Judge President of the Cape Provincial Division
- In office 1975–1979
- Preceded by: Theo van Wyk
- Succeeded by: Jack Watermeyer

Judge of the Cape Provincial Division of the Supreme Court
- In office 1950–1975

Personal details
- Born: Jacobus Wilhelmus van Zijl 22 December 1909 Cape Town, Cape Colony
- Died: 22 January 1992 (aged 82)
- Alma mater: Stellenbosch University
- Profession: Advocate

= Helm van Zijl =

South African judge

 Jacobus Wilhelmus van Zijl QC (22 December 1909 – 22 January 1992) was a South African judge and Judge President of the Cape Provincial Division of the Supreme Court from 1975 until 1979.
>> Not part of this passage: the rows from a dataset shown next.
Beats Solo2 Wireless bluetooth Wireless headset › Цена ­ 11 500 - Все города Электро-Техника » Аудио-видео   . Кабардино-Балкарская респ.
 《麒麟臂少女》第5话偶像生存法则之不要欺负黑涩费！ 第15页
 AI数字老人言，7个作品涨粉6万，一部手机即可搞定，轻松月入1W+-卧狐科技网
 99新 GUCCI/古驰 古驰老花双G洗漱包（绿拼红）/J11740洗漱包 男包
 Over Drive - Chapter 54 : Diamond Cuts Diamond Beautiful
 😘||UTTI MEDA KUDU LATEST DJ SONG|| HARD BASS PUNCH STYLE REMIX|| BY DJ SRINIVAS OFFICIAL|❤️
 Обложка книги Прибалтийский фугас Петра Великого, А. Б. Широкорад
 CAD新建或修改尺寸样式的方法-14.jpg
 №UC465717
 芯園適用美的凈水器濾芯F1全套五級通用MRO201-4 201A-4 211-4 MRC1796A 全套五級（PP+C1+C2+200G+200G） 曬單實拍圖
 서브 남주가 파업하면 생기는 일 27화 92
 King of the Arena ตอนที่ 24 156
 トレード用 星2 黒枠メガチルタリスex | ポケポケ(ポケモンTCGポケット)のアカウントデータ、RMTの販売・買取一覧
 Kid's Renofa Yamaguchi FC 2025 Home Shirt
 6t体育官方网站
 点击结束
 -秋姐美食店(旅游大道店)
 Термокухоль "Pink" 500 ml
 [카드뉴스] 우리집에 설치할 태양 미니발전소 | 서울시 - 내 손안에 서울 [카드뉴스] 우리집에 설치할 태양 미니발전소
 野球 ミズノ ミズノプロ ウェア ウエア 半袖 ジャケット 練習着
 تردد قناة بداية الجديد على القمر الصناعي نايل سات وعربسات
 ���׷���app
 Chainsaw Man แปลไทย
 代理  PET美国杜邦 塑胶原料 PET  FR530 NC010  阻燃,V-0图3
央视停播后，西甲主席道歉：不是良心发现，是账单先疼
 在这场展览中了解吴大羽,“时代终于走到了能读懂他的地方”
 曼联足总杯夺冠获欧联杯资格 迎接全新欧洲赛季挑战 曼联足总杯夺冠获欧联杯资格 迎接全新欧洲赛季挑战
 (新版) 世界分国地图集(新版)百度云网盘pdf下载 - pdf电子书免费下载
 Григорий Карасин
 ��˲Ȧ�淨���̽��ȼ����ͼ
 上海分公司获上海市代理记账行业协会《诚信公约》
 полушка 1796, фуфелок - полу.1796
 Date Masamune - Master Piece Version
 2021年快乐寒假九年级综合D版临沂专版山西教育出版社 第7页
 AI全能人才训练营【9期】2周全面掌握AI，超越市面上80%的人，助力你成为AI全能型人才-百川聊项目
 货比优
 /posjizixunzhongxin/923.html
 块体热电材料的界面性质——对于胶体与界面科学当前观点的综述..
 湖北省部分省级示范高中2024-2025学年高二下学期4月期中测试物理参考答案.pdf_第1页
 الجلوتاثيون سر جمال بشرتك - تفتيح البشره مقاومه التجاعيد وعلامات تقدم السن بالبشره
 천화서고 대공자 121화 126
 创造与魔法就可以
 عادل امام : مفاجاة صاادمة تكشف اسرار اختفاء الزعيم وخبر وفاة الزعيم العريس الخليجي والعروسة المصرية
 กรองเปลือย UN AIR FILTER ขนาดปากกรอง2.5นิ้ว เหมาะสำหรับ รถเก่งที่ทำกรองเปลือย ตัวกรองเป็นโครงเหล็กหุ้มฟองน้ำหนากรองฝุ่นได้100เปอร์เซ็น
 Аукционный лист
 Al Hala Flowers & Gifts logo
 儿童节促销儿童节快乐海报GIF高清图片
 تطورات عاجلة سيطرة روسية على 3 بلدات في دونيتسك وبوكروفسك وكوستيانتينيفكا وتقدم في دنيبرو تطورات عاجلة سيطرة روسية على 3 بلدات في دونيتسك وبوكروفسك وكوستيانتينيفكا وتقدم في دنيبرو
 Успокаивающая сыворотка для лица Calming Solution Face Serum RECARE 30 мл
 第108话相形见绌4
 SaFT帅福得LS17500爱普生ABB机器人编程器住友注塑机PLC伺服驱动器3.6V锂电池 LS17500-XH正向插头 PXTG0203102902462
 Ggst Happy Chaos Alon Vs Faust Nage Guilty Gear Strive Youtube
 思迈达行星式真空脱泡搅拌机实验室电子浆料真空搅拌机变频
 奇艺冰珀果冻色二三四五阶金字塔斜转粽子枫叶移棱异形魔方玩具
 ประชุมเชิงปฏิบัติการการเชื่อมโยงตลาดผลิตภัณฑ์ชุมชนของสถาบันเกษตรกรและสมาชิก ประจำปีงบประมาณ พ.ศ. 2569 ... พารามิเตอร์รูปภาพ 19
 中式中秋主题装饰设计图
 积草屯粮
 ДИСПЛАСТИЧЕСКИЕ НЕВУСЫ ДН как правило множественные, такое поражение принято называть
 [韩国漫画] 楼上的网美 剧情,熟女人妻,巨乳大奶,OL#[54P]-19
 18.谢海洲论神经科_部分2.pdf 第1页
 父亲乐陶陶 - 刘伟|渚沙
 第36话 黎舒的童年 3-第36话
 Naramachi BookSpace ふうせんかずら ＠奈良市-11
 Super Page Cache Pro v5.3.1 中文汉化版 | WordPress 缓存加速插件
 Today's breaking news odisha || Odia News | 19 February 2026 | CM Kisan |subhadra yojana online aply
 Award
== Early life and education ==
Van Zijl was born in Cape Town, the son of justice, Hendrik Stephanus van Zyl and his wife, Dorothy Constantia Sauer. He matriculated at Rondebosch Boys' High School, after which he studied law at the University of Stellenbosch.

==Career==
Van Zijl started practising as an advocate in 1933 and became a member of the Cape Bar. In 1950 he was permanently appointed a judge to the Cape Provincial Division of the Supreme Court. After the death of Justice Theo van Wyk in 1975, he was appointed as Judge President of the Cape Provincial Division.

In 1950, the South African government set up a Press Commission to monitor the activities of the press and Van Zijl was appointed its first chairman.